** PROVIDED ENTRIES **
*** Begin section ***
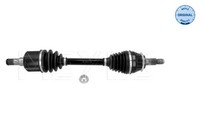 Meyle Antriebswelle 314 498 0067 FüR Mini R56 Clubman R55 R57 Roadster R59 R58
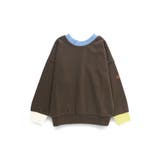 【ブランシェスmini】まえうしろどっちも着られるトレーナー | ブランシェス | 詳細画像15 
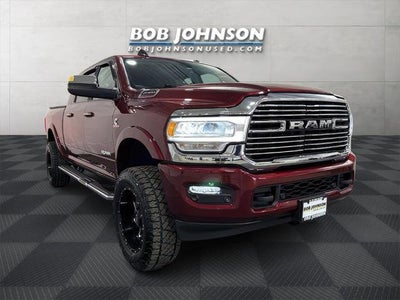 2021 RAM 2500 Laramie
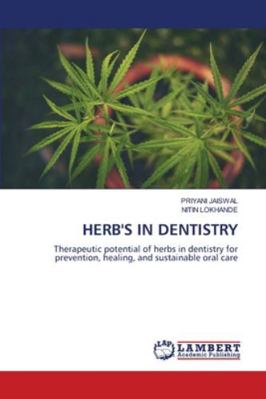 Herb's in Dentistry 6209034438 Book Cover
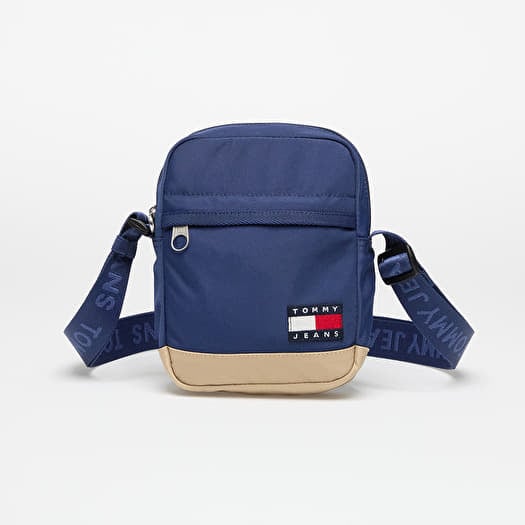 Torba Tommy Jeans Essential Daily Square Bag Blue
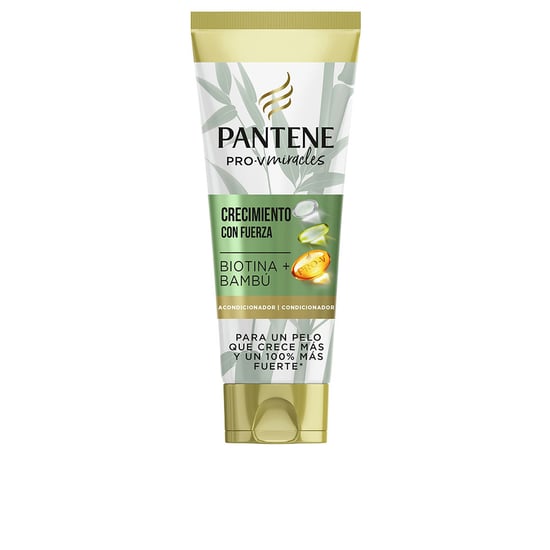 Pantene Miracle Starkes Wachstum Spülung 160 ml - Image 1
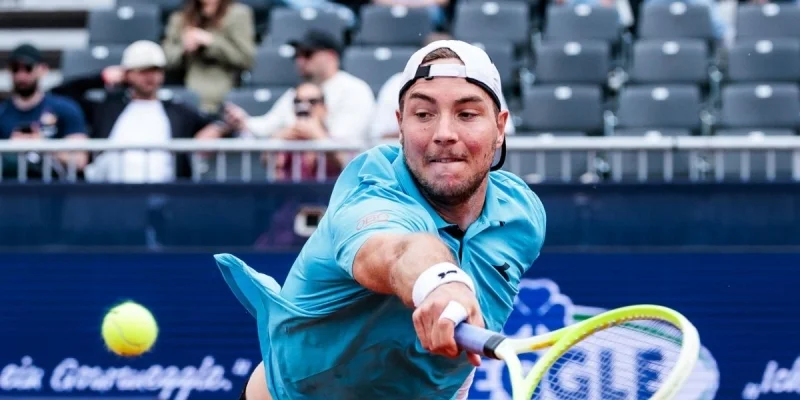 Yoshihito Nishioka - Jan-Lennard Struff Yoshihito Nishioka - Jan-Lennard Struff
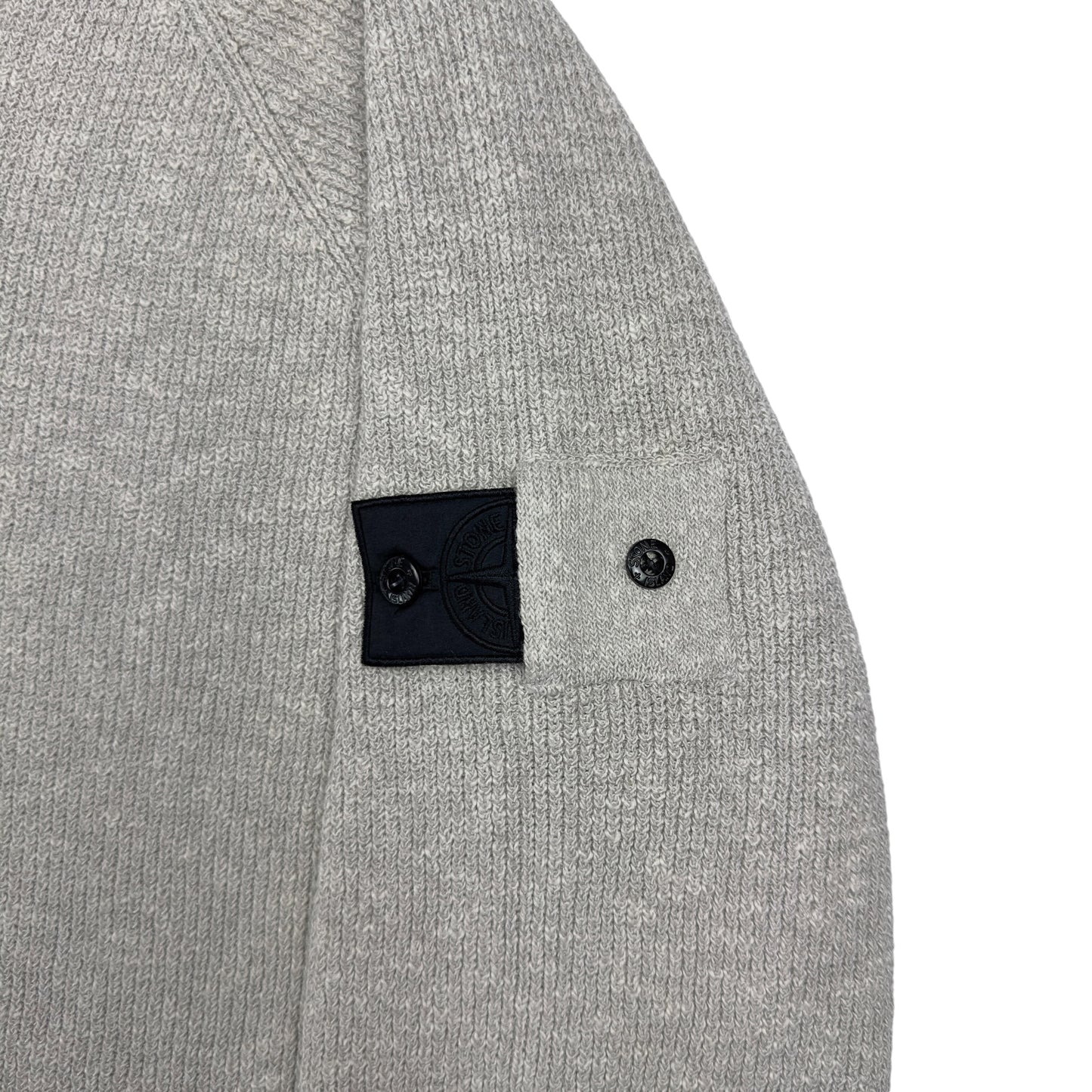 S/S 23 Stone Island Shadow Project Knit Sweater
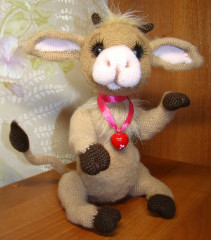 Бычок.JPG (148.47 КБ) 4416 просмотров Бычок. МК Е. Аверкиевой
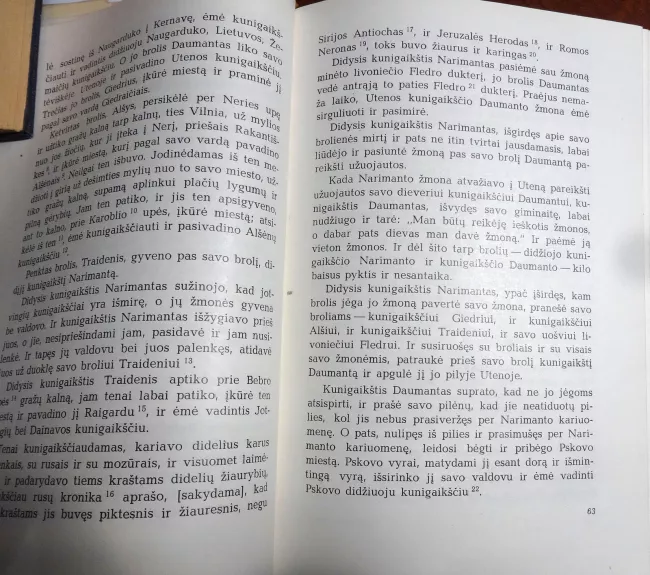 Lietuvos metraštis - Autorių Kolektyvas, knyga 1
*** End section ***
** WHAT YOU WILL DO **
Print only the lines running from the one containing "ブランシェス | 詳細画像15" to the end of the data above, exactly; include no pictures.

** EXERCISE SOLUTION **
 【ブランシェスmini】まえうしろどっちも着られるトレーナー | ブランシェス | 詳細画像15 
 2021 RAM 2500 Laramie
 Herb's in Dentistry 6209034438 Book Cover
 Torba Tommy Jeans Essential Daily Square Bag Blue
 Pantene Miracle Starkes Wachstum Spülung 160 ml - Image 1
 Yoshihito Nishioka - Jan-Lennard Struff Yoshihito Nishioka - Jan-Lennard Struff
 S/S 23 Stone Island Shadow Project Knit Sweater
 Бычок.JPG (148.47 КБ) 4416 просмотров Бычок. МК Е. Аверкиевой
 Lietuvos metraštis - Autorių Kolektyvas, knyga 1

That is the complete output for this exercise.